De plus, l’article 5 de la proposition de loi supprime une phrase essentielle de l’article L1111-4 du Code de la santé publique, à propos du droit des patients de refuser tout traitement ou toute investigation : “Le médecin doit tout mettre en œuvre pour la convaincre d’accepter les soins indispensables”. Retirer au médecin cette possibilité, ce devoir, coupe court à toute relation d’aide, de soutien. Dans ces conditions, que pourra faire un médecin devant opérer un patient qui accepte l’intervention chirurgicale, mais refuse toute réanimation en cas de nécessité ?
Il est très regrettable que Mrs Claeys et Leonetti n’aient pas saisi cette occasion pour donner plus de contenu à la démarche décisionnelle à conduire dans des situations difficiles de fin de vie. Le Conseil de l’Europe, ainsi que le CCNE dans ses observations au Conseil d’Etat dans le cadre de l’affaire Vincent Lambert, ont fait des propositions tout à fait remarquables à ce sujet. Voilà qui aurait cultivé la relation de confiance entre soignants et patients. Cette proposition favorise la défiance au dépend de la confiance, c’est regrettable.
La proposition de loi s’affranchit du principe du double effet, appliqué notamment à la sédation. Celle-ci devient « continue, profonde, jusqu’à la mort » et s’accompagne d’un arrêt de toute nutrition et hydratation. Elle programme la mort donnée, donc l’euthanasie, qu’elle se garde de nommer. Il ne restera, pour différencier soulagement de souffrances et euthanasie que l’intention de celui qui fait le geste. Seule l’intention – recherche d’un soulagement, ou recherche de la mort – fera que ce qui est écrit dans la loi n’est pas forcément et systématiquement une euthanasie.
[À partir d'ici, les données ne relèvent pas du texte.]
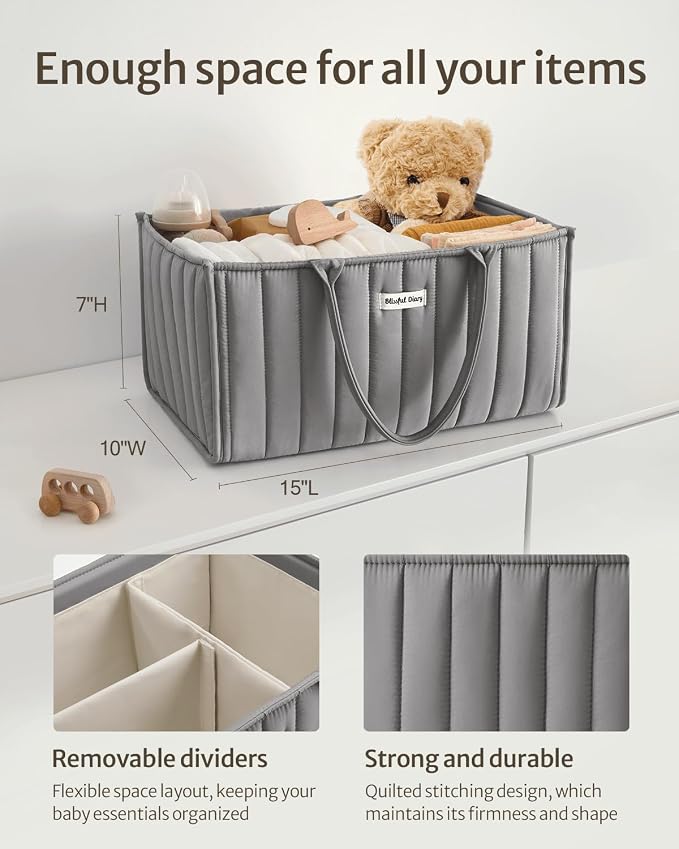 Blissful Diary Baby Diaper Caddy Organizer, Stylish Storage Basket - Image 3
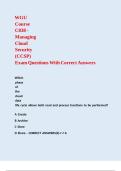 WGU Course C838 - Managing Cloud Security &lpar;CCSP&rpar; Exam Questions With Correct Answers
Le plus inquiétant, à propos de Vincent Lambert, c’est que ceux qui ont rédigé cette proposition ont bien dit qu’elle résoudrait les situations les plus difficiles, comme celle de Vincent Lambert. La loi crée ainsi les conditions d’une élimination de ces personnes à laquelle il sera bien difficile d’opposer une résistance. Vincent ne sera que le premier d’une longue série.
Une remarque enfin sur la portée générale de cette proposition de loi. Elle vise à créer de “nouveaux droits en faveur des malades ET des personnes en fin de vie” (cf. Gènéthique vous informe du 21 avril 2015). Cette formulation laisse penser que les droits des malades et des personnes en fin de vie sont similaires. Or des mesures qui ne posent pas de problèmes éthiques en fin de vie risquent d’en poser pour des malades qui ne le sont pas, comme l’illustre le cas de Vincent Lambert.
1- Le Dr Bernard Jeanblanc est Chef de service d’une unité pour polyhandicapés et d’une unité de vie spécialisée pour les « pauci-relationnels » à la Maison de Santé Bethel (Oberhausbergen, Alsace).
2- L'”affaire” Vincent Lambert a commencé au printemps 2013. L’équipe médicale, en arrêtant son alimentation et réduisant son hydratation, a estimé qu’il était en fin de vie.
3- Selon la définition officielle de l’Association internationale pour l’étude de la douleur (IASP).